18" to 20'" are the prime commercial fish targeted which based on Rutgers Sex and Length study equates to 80% to 90% females being harvested, all sexually mature with significantly greater levels of egg production capacity then younger age fish. The future of the fishery in other words. Jumbo's are sold to the sushi markets and the very large breeders with little to no market value are thrown back dead. Almost all females with the highest egg production capacity.
In 1997, Fishery Specification Plan changed the commercial minimum from 13" to 14" and mesh sizes were increased 1/2" which was sold as a conservation measure to release smaller less sexually mature fish but appears based on catch statistics to have been a smoke screen to harvest larger more valuable fish. An elective reaction from commercial operators in 1997 when their landings decreased by almost 50%. If your landings are impacted 50%, you harvest larger higher market value fish to compensate in protecting ex-vessel values (commercial catch values) and that's exactly what happened. Sold as conservation, but ended up reaping havoc to the fishery in the form of higher discard rates, selective harvest of older sexually mature fish primarily females, a material alteration in SSB, weakened recruitment strength of the stock, lower recruitment levels and a declining biomass since 2004 which is not capable of recovering on it's own merit. This change in the fishery is over twenty years in the making and will continue until regulations are changed. 50% increase in commercial catch quotas this year and for 2020 and 2021 will only compound the problem and guarantee a continued decline in the fishery. There's no logical reason to think otherwise and marine fisheries data supports it.
"Conservation you say", you'd have to be smoking crystal meth to believe that.
"Have to retain 14" fish and then retain their quota and go home", you're on Kool-Aid overload. Look at the attached charts and since 1997 explain the surge in the harvest of older age classes commercially, the absolutely incomprehensible increase in discard rates to catch (from trawls with fishery management observers on board no less so you can imagine the rates on unobserved trawls) and corresponding increase in ex-vessel values all at the expense of the fishery and subsidized by recreational discards.
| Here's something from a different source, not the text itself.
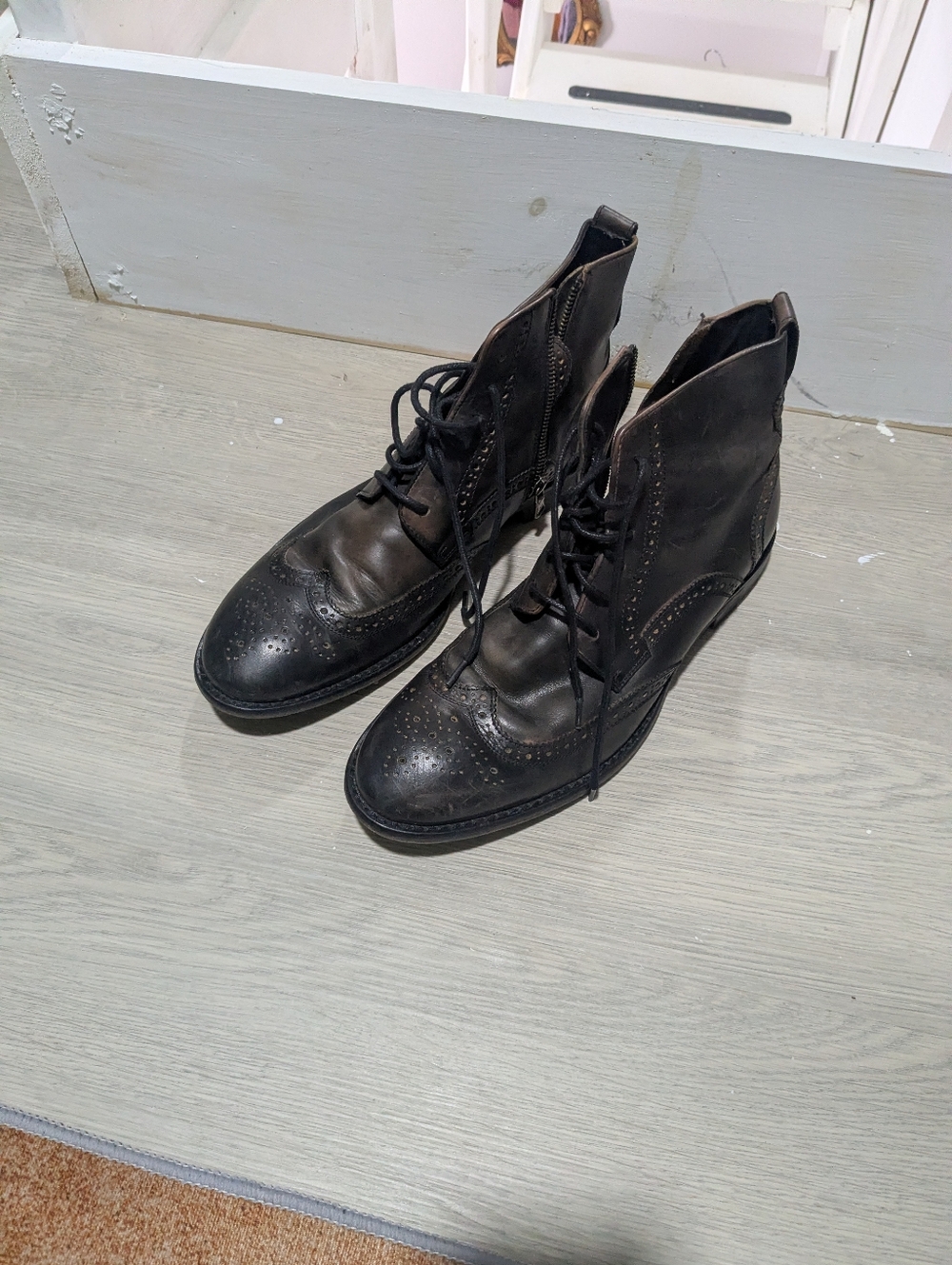 Men Shoe - Picture 2 of 4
Because of the size differentials under the facade of conservation you speak of, commercial operators enjoy the benefit of harvest rights to approximately 35 million more fish from the biomass than the recreational community .
80% of the commercial harvest in 2017 consisted of age classes 3 to 7 years old, highly disproportionate percentage females and none 14". Younger age classes which at one time made up almost exclusively their annual harvest are now collateral damage in the process of harvesting older age classes with higher market values.
Killing already materially impaired younger age classes due to depressed recruitment levels in the pursuit of harvesting older age classes which will guarantee recruitment levels become further depressed is not a formula for success and is certainly not a definition of "Conservation"
All these
FACTS are from fisheries management and contained within the 66th Stock Assessment Report. If you're going to make posts about conservation or anything else, at least fact check your information first. Your comments mislead the public more than educating them to what's really happening in this fishery.